By Thomas B. Griffith
For the past year, I have been involved in a project that brings together believing LDS scholars and those whose faith in the Restoration is wavering. The Temple and Observatory Group, whose name reflects the complementary means of approaching truth provided by faith and reason, has sponsored small-group gatherings where those with questions can discuss their concerns with faithful scholars like Richard L. and Claudia L. Bushman, Terryl L. and Fiona Givens, and others.1 As more of an observer than a participant in these gatherings, I have detected a commonality among many of those whose faith has been shaken. Somewhere along the way, they adopted the view—and it became part of the foundation of their faith in the Restoration—that Church leaders are infallible in their teaching and administration and near perfect in their discipleship. Of course, the problem with such a view is that it is simply not true. The most cursory study of Church history shows that the Lord has always used mere mortals to carry out His work, and mortals make mistakes (as President Dieter F. Uchtdorf,2 Elder Jeffrey R. Holland,3 and Elder D. Todd Christofferson4 have each stressed in recent general conference addresses).
In our spring issue, I tried to make the case that holding to the values of the U.S. Constitution calls for a close reading of its text: the type of reading learned in the study of the humanities.5 That skill is also vital to discipleship, especially in a time coming to be known as the Secular Age.6 A close reading of the scriptures confirms that the Lord works through imperfect people and also puts us on notice to avoid the trap of resting our faith solely on them. For example, the first commandment the Lord directed to the restored Church, given on the day the Church was organized, is familiar to Latter-day Saints: “Wherefore, meaning the church, thou shalt give heed unto all [the prophet’s] words and commandments which he shall give unto you as he receiveth them, walking in all holiness before me; For his word ye shall receive, as if from mine own mouth” (D&C 21:4–5). We have been effective in teaching this fundamental command, which is simply stated in the words of the popular Primary song “Follow the Prophet.”

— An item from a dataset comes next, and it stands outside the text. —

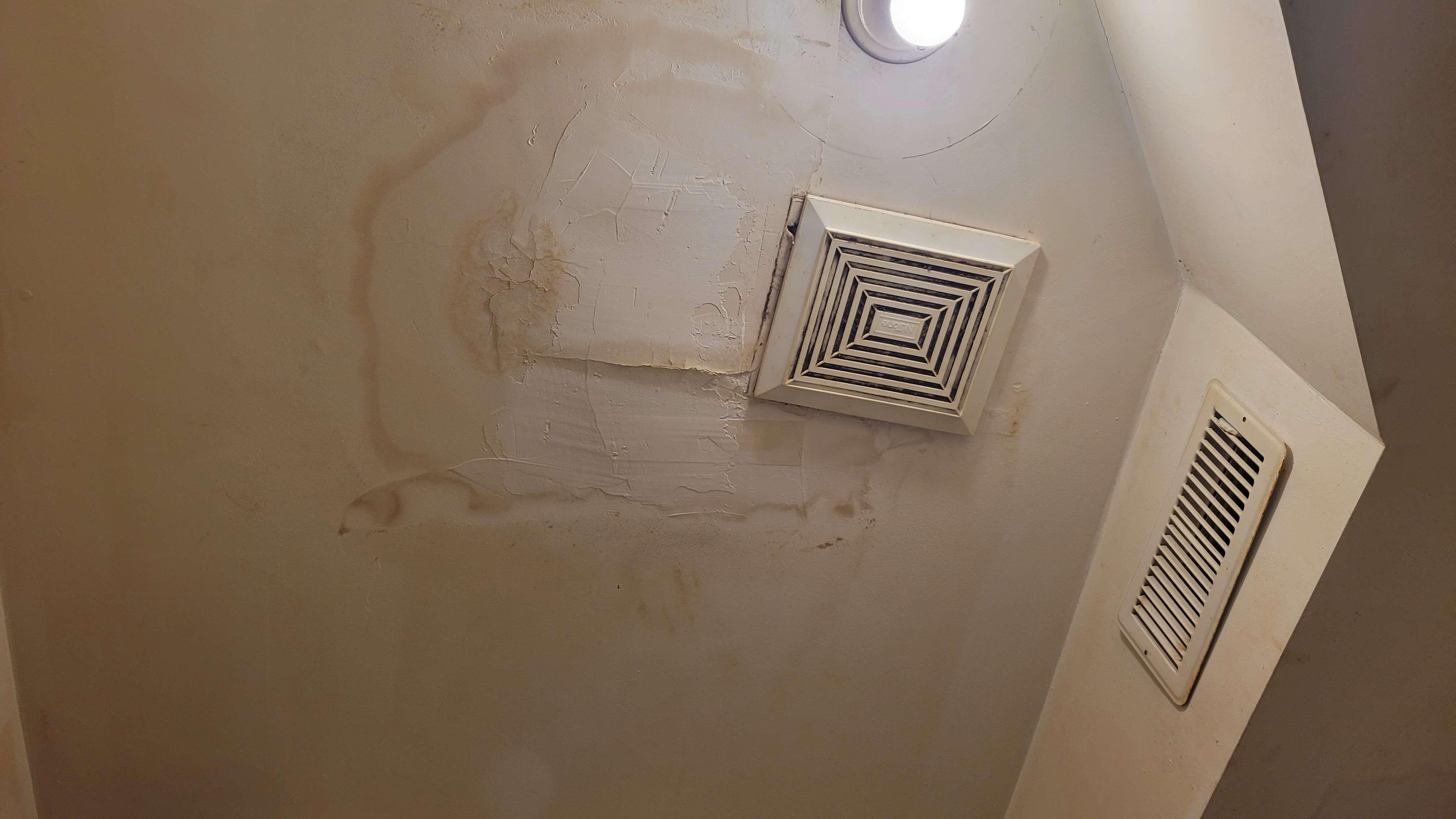 Water damage on the ceiling and visible mold in vents. As I have a mold allergy I did treat this twice with bleach and it still came back.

But there is more to what the Lord said. A close read of the revelation shows that the concluding clause to the Lord’s command to follow the prophet contains a cautionary note that to do so takes “all patience and faith” (D&C 21:5). Why would the Lord counsel us that it takes “all patience and faith” to follow a leader He has called? Perhaps because He knows that it is hard to hear His perfect voice through an imperfect human. “All patience and faith” is a mark of the spiritual maturity needed to see past leaders’ shortcomings and find in their words the Lord’s direction for us. Yet frequently we teach lessons about following the prophet without including this part of the revelation. But how the Lord works with and through His leaders—and us—is rarely as simple and never as tidy as we may want it to be: His pattern is to use “the weak things of the earth” (D&C 124:1).

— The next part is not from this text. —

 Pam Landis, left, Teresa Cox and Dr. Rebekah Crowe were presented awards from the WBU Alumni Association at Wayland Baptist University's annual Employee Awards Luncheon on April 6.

It is natural to want an easy path to belief, to yearn for the certitude that would come were the Lord to speak to us through perfect leaders. But offering an easy path has never been the Lord’s way. Seeing “through a glass, darkly” (1 Cor. 13:12) is the nature of our human condition for a reason. BYU humanities professor George B. Handley put it this way: “The real challenge is . . . to hear transcendent truth expressed through a human. . . . I am much more interested in learning how God works through frail, weak, particularized human agents, through the limitations of their time, place, language, and understanding. That is the miracle of revelation. . . . It is challenging and fulfilling work to see and even love the human and weak vessels through whom inspiration comes.”7 It takes patience and faith to develop the attributes mortality is intended to provide. Patience and faith take hard work, but as former Young Women general president Susan W. Tanner taught us so well, we can do hard things.8
Thomas B. Griffith, a BYU humanities graduate, is a judge on the U.S. Court of Appeals for the D.C. Circuit. He previously served as BYU general counsel and as legal counsel for the U.S. Senate.
1. M. Sue Bergin’s excellent article in the spring 2014 BYU Magazine, “Keeping the Faith?” (pp. 22–23), describes positive ways to approach honest and sincere doubt. The Givenses’ recently published book The Crucible of Doubt (Salt Lake City: Deseret Book, 2014) is an extraordinary discussion of the role of doubt in the life of a believer.
2. “Come, Join with Us,” Ensign, November 2013.
3. “Lord, I Believe,” Ensign, May 2013.
4. “ The Doctrine of Christ,” Ensign, May 2012.
5. “A Close Read,” Humanities, Spring 2014, p. 23.
6. See Charles Taylor, A Secular Age (Cambridge, Massachusetts: Harvard, 2007).
7. “Balancing Intellect and Faith,” Home Waters (blog), June 6, 2013, patheos.com/blogs/homewaters/2013/06/balancing-intellect-and-faith
8. See “For the Strength of You,” Ensign, October 2007.